Economia

Fintechs transformam o sistema financeiro brasileiro e desafiam regulação

Crescimento das empresas de tecnologia financeira impulsiona inclusão, mas expõe riscos e demanda novas regras

As fintechs revolucionaram o sistema financeiro do Brasil, tornando-se essenciais para a economia. Seu avanço acelerado trouxe inclusão e competição, mas também levantou preocupações sobre regulação e uso por organizações criminosas.

Recentemente, uma operação revelou que o PCC movimentou R$ 140 bilhões via fintechs, destacando a necessidade de maior supervisão. O setor, que emprega cerca de 100 mil pessoas, agora enfrenta o desafio de equilibrar inovação e segurança.

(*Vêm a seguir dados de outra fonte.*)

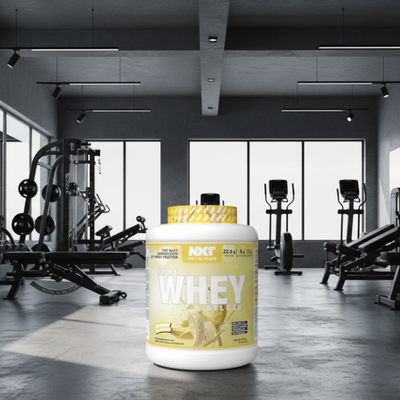 NXT Nutrition Pure Whey Deluxe protein powder container with banana flavour on a gym background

O crescimento das fintechs e seu impacto

As fintechs, empresas que unem tecnologia e serviços financeiros, tornaram-se parte fundamental da economia brasileira ao digitalizar processos e eliminar burocracias. Essa transformação permitiu serviços mais acessíveis e baratos, especialmente para a população antes desbancarizada. Entre 2017 e 2023, o número dessas empresas na América Latina saltou de 703 para 3.069, segundo o Banco Interamericano de Desenvolvimento (BID). No Brasil, há 1.481 fintechs, que oferecem mais de 250 milhões de contas digitais.

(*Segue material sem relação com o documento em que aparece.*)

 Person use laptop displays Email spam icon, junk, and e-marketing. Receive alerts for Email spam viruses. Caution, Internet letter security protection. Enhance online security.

Segundo Diego Perez, presidente da Associação Brasileira de Fintechs (ABFintechs), 60 milhões de brasileiros acessaram serviços financeiros pela primeira vez por meio dessas plataformas. A competição com bancos tradicionais reduziu tarifas, ampliou o acesso ao crédito e facilitou operações diretamente pelo celular.

Concorrência e reação dos bancos

O ambiente bancário brasileiro, antes dominado por cinco grandes bancos, viu as fintechs conquistarem espaço em crédito, pagamentos, investimentos e seguros. O Nubank, por exemplo, já é o terceiro maior em número de clientes, com lucro líquido de R$ 3,6 bilhões no segundo trimestre deste ano. Os grandes bancos reagiram reforçando áreas estratégicas e investindo em digitalização, mantendo retornos elevados.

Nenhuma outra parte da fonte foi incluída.